══ SUPPLIED MATERIAL ══

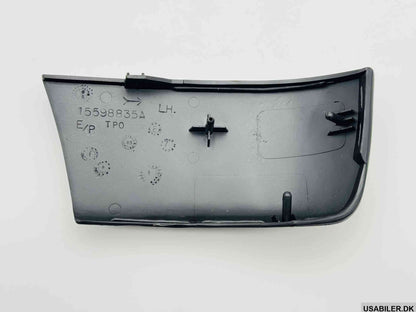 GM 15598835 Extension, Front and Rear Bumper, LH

═══
══ SUPPLIED MATERIAL ══

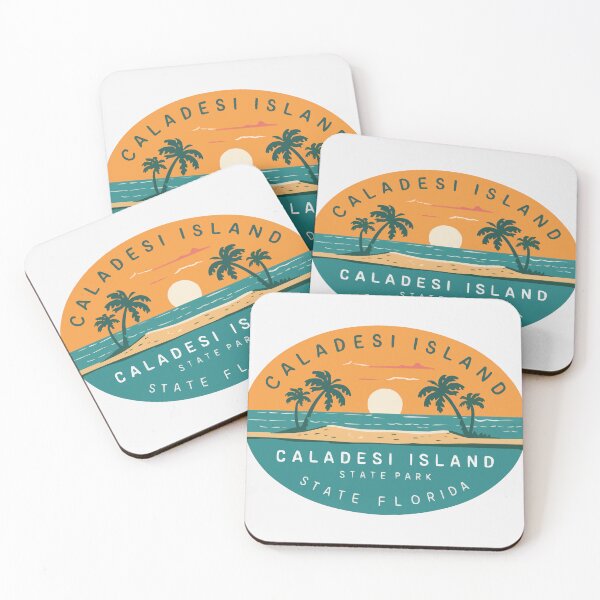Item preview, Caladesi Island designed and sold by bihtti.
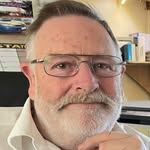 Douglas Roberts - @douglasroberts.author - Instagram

═══
══ SUPPLIED MATERIAL ══

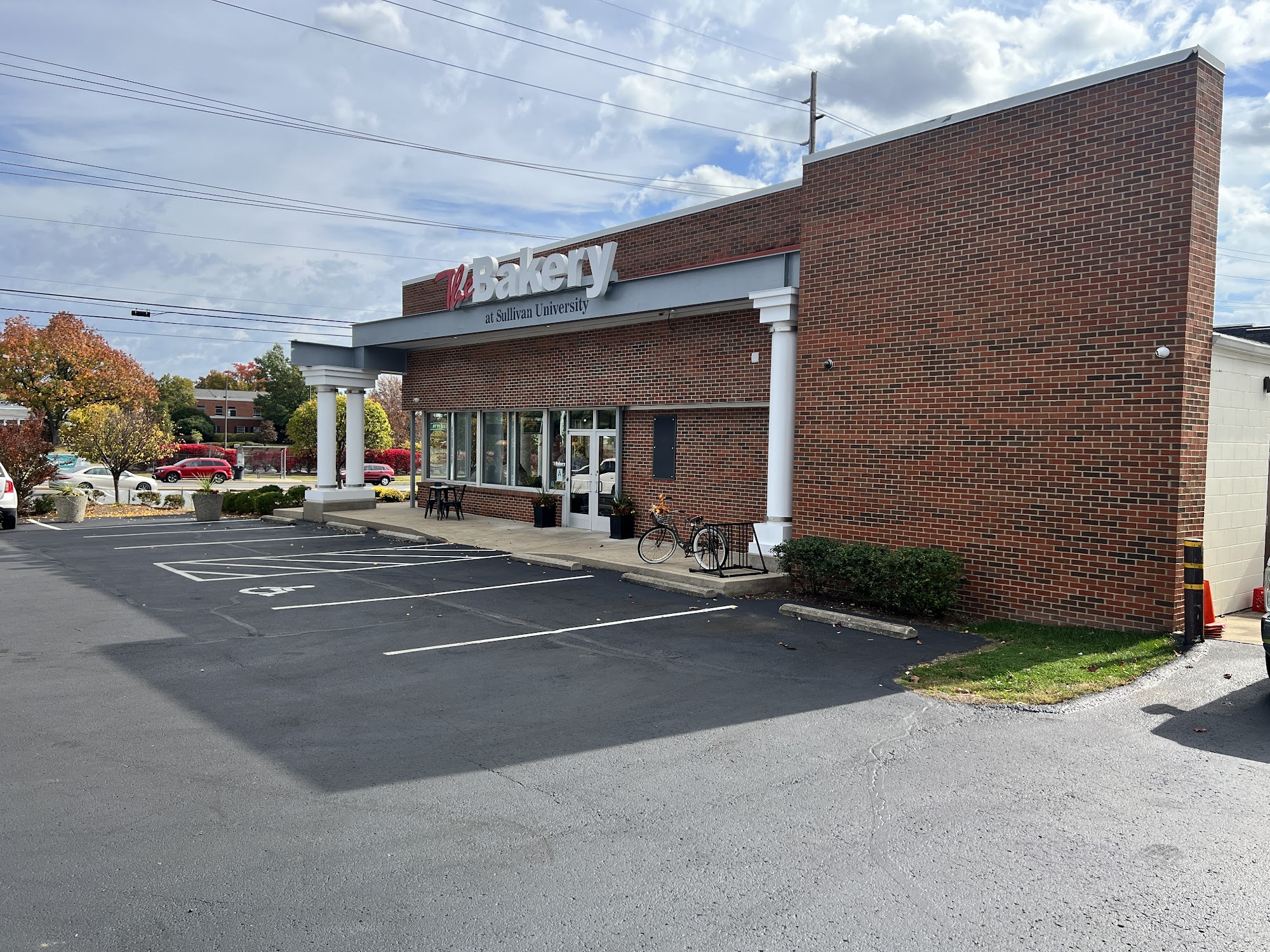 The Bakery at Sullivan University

═══

■ TASK DESCRIPTION ■
When you reach the line with "Item preview, Caladesi" in the records above, begin repeating the lines exactly, and stop after the line with "Douglas Roberts - @douglasroberts.author". Skip all pictures.

■ ANSWER BOX ■
Item preview, Caladesi Island designed and sold by bihtti.
 Douglas Roberts - @douglasroberts.author - Instagram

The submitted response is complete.